Demolition and preservation of Soviet era monuments

Since the age of the Egyptian pharaohs, grandiose monuments have been erected to honor rulers and compel their subjects worship their visages long after their mortal deaths. The Soviet commitment to public demonstration of their iron-fisted power is no more apparent than in the statues and monuments left behind after Ukraine’s independence.

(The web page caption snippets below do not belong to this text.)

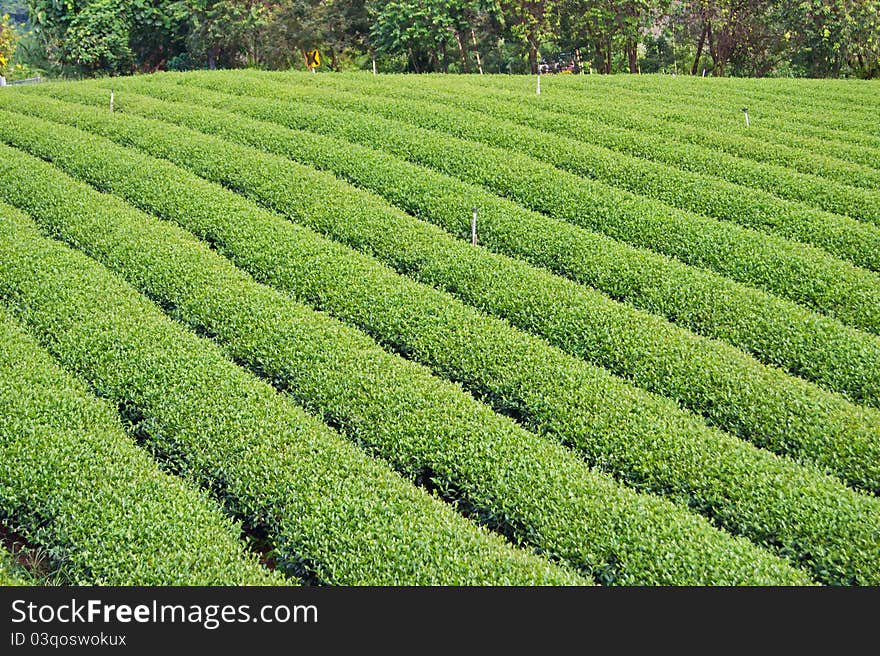 Green tea farm on mountain background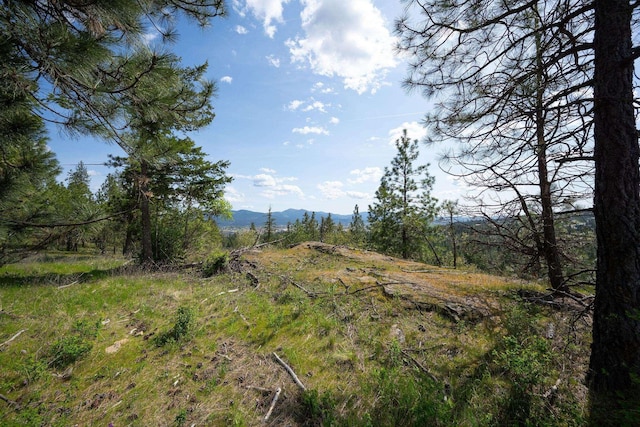 NKA Julia Drive, Hauser, ID 83835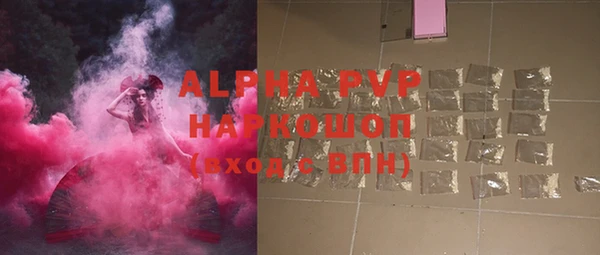 амф Белокуриха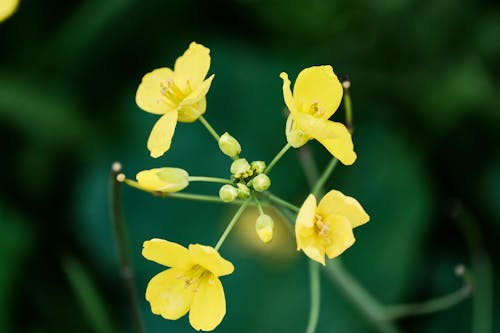 Free Yellow Flowers in Tilt Shift Lens Stock Photo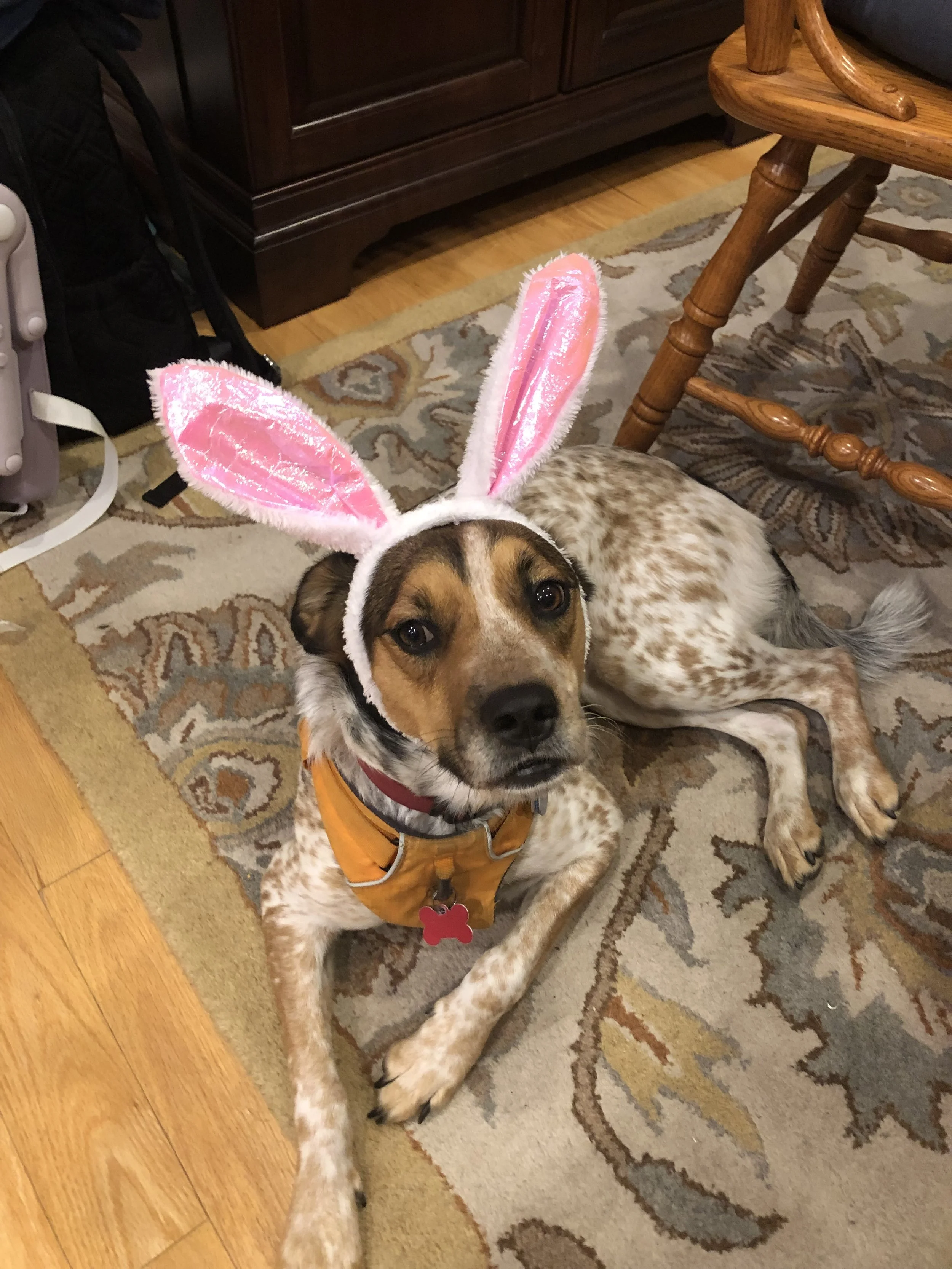 3/23-3/29 BBs: Website Update and other Haps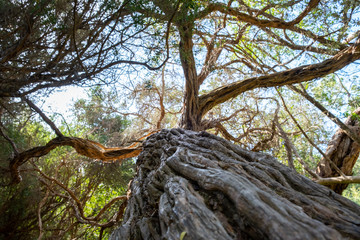 Knobby tree trunk closeup with canopy in the background - beautiful nature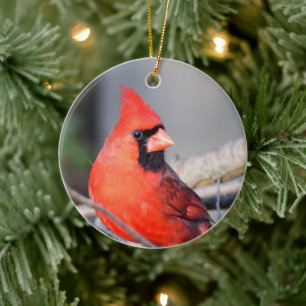 Rood kardinaal keramisch decoratief ornament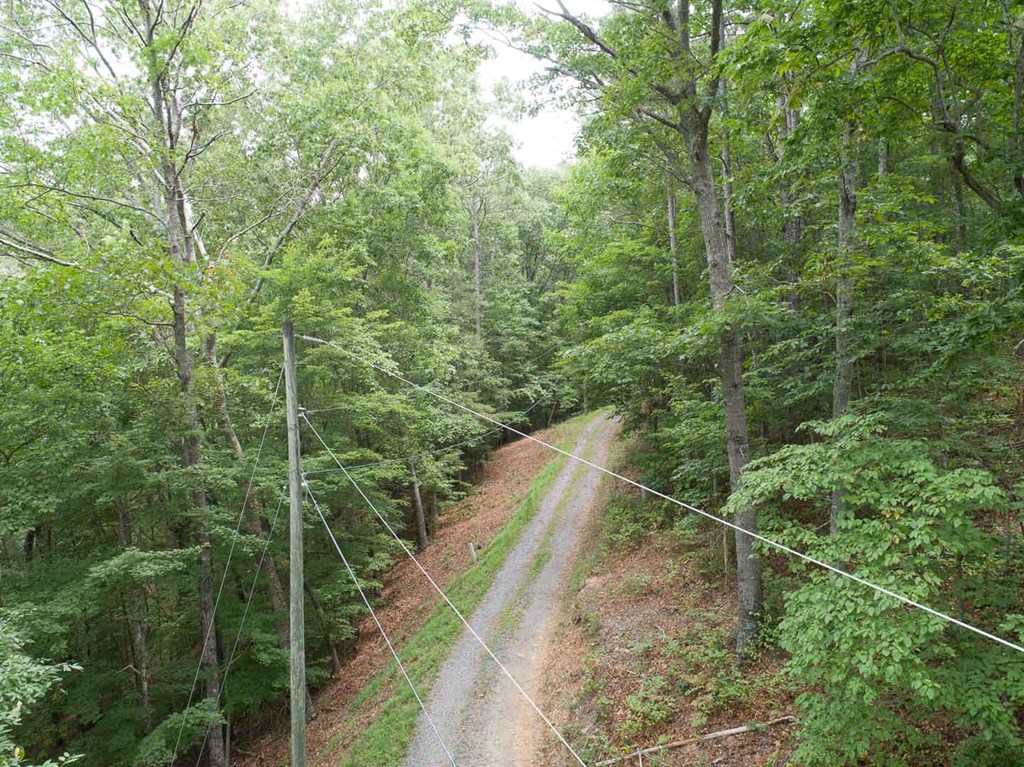 0 Deer Lane Property Photo 19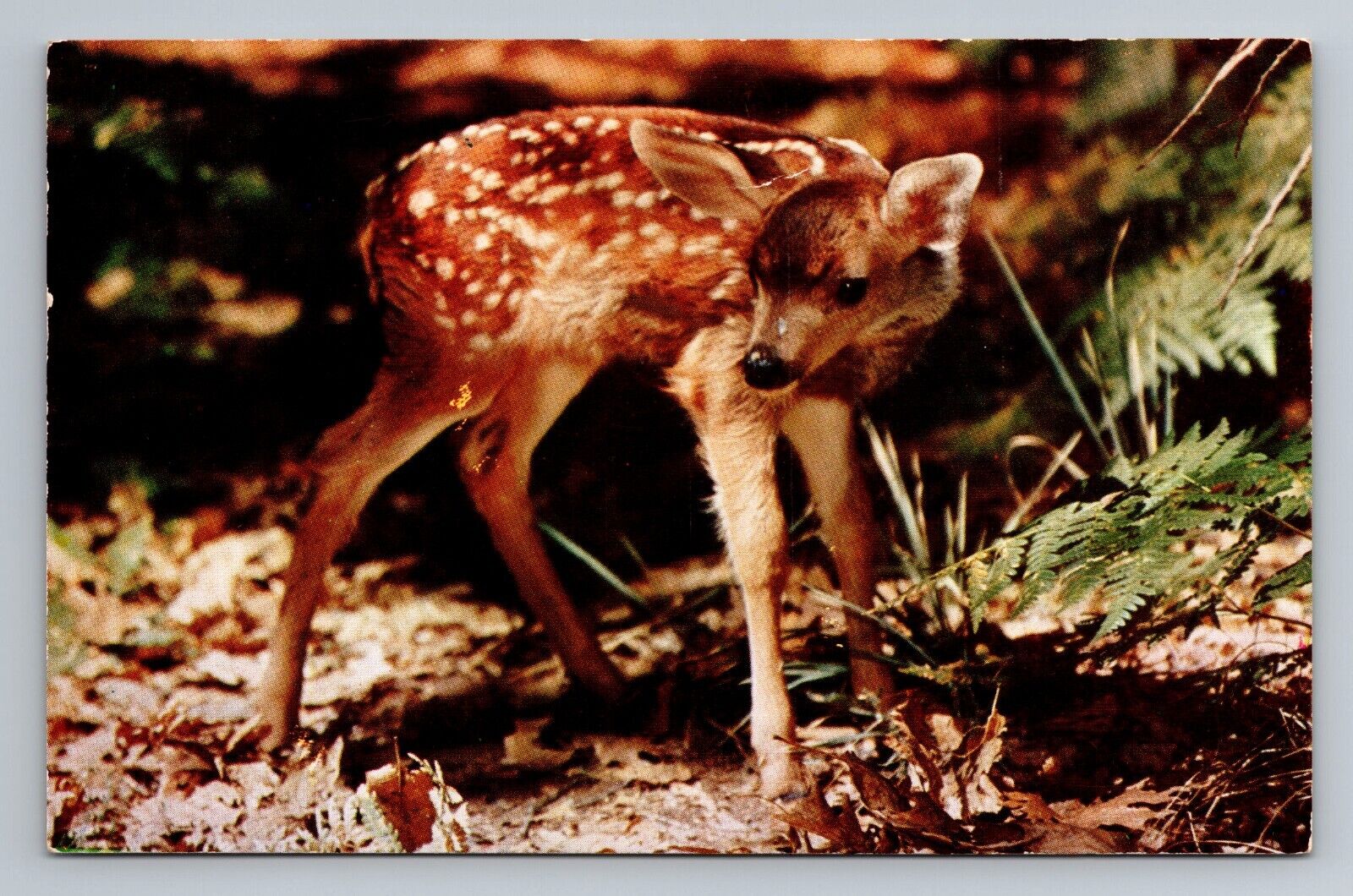 Postcard - Bambi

Monuments always suffer when a seismic shift of governments occurs. A war of symbols left over from the Soviet era and those depicting Ukraine’s independence ensued when President Leonid Kravchuk, the former secretary of the Communist Party, signed an order to dismantle Soviet symbols throughout the country. Monuments to communist leaders and their followers along with references to the Communist era on road signs and public squares were destroyed. The first monument of Lenin to be torn down was in western Ukraine in the city of Ternopil and had the appearance of an idol’s public execution by some observers.

Under the glare of television lights, Ukrainians destroyed monuments to Lenin and road signs and renamed streets and schools. Supporters of the Soviet ideology blew up the monument to Stepan Bandera, the leader of Ukrainian nationalists, twice. Arguments over the dismantling of the monument to Stalin flared with advocates of the statue’s demise chiseling names of those repressed by the murderous leader on its pedestal.

Though many Soviet-era symbols were torn down during the early months of Ukraine’s independence, the number of solemn monuments, especially those depicting Lenin, in Ukraine is impressive. Lenin still stands in Besarabs’ka Square in Kyiv and imposing iron monuments are a constant reminder of the Soviet’s belief in their own grandeur in small towns and villages across Ukraine.

As the fervor calms with each passing year, the argument for preserving the past wins a few more battles in the war of symbols. Still, monuments are regularly stained with garish paint or a pelting of eggs suggesting that as long as the memory of Bolshevik ideology remains, these bronze and granite statutes will have to watch their iron backs.